Every line in the data below from the one containing "Eisblume weiß kalt" down to the one containing "Muffin Man thumbnail 5", both included, must be retyped exactly; no other line is to appear.

----

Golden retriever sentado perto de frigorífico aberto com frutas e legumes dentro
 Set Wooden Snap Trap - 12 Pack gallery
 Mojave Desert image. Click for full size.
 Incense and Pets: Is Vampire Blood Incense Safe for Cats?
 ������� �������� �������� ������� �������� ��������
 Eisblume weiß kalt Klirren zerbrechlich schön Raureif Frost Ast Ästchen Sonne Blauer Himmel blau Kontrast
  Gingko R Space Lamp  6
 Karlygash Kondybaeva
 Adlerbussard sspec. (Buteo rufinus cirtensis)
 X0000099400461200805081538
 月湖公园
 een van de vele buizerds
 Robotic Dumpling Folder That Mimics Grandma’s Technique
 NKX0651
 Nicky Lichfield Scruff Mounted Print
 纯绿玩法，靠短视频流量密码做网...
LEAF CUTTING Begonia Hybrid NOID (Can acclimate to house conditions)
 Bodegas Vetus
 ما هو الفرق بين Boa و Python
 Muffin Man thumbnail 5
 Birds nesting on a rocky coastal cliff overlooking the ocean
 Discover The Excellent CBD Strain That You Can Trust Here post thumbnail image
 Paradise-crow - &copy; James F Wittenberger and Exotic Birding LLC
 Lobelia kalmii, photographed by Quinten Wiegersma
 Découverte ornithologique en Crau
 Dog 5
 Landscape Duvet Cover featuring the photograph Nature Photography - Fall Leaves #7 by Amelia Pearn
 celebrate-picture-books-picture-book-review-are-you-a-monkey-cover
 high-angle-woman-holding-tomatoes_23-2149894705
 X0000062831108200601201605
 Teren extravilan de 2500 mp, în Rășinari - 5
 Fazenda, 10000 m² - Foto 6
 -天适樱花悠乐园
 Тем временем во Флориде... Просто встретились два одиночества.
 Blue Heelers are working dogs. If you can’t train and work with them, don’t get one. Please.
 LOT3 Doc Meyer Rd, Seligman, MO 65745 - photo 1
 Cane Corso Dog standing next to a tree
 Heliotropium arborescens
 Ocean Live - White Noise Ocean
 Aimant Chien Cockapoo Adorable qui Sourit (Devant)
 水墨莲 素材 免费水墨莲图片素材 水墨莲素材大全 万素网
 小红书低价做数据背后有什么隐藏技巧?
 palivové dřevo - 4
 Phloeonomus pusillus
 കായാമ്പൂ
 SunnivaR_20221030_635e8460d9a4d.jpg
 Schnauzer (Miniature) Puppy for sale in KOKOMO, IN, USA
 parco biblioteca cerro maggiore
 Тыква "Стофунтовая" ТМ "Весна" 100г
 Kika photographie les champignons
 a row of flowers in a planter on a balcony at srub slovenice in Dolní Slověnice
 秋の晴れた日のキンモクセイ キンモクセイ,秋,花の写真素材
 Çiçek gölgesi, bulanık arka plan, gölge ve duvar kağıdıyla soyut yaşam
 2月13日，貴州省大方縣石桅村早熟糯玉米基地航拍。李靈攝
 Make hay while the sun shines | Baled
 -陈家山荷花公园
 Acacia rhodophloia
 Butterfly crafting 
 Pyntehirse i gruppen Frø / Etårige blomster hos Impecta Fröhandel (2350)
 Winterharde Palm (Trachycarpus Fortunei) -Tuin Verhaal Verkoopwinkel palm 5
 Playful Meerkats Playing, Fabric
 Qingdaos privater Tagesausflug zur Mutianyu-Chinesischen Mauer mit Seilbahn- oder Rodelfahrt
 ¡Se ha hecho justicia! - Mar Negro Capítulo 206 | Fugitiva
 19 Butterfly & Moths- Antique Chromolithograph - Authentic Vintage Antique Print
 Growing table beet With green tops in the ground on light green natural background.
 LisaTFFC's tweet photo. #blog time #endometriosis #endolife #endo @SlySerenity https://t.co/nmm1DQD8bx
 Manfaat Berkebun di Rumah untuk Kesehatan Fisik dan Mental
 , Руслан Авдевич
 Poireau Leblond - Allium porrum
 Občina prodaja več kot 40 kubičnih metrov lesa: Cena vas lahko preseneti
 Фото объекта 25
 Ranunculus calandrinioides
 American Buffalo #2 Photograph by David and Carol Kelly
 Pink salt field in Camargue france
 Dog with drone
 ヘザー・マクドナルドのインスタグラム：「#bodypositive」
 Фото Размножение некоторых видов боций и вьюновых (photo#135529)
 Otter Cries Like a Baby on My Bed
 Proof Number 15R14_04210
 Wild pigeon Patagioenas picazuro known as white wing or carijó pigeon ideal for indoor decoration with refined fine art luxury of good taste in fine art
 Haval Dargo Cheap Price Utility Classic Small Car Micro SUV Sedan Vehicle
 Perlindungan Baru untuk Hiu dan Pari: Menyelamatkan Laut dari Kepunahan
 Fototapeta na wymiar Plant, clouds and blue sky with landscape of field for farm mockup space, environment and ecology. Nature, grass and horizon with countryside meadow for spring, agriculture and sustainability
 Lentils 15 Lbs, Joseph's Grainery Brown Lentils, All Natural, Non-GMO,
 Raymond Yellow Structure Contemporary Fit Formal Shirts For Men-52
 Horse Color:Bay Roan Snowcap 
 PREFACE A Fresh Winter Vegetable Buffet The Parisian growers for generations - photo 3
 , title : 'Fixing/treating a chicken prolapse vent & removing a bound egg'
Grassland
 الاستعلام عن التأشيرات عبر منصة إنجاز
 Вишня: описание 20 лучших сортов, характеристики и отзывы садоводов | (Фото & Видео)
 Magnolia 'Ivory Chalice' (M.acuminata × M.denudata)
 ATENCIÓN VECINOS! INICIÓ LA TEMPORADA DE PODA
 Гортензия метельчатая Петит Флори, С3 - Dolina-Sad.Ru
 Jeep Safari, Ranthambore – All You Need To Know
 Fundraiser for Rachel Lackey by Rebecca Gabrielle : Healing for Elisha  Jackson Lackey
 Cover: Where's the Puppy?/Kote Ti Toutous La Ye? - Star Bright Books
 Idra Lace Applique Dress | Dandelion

----

_SOLUTION FOR THIS EXERCISE_.
 Eisblume weiß kalt Klirren zerbrechlich schön Raureif Frost Ast Ästchen Sonne Blauer Himmel blau Kontrast
  Gingko R Space Lamp  6
 Karlygash Kondybaeva
 Adlerbussard sspec. (Buteo rufinus cirtensis)
 X0000099400461200805081538
 月湖公园
 een van de vele buizerds
 Robotic Dumpling Folder That Mimics Grandma’s Technique
 NKX0651
 Nicky Lichfield Scruff Mounted Print
 纯绿玩法，靠短视频流量密码做网...
LEAF CUTTING Begonia Hybrid NOID (Can acclimate to house conditions)
 Bodegas Vetus
 ما هو الفرق بين Boa و Python
 Muffin Man thumbnail 5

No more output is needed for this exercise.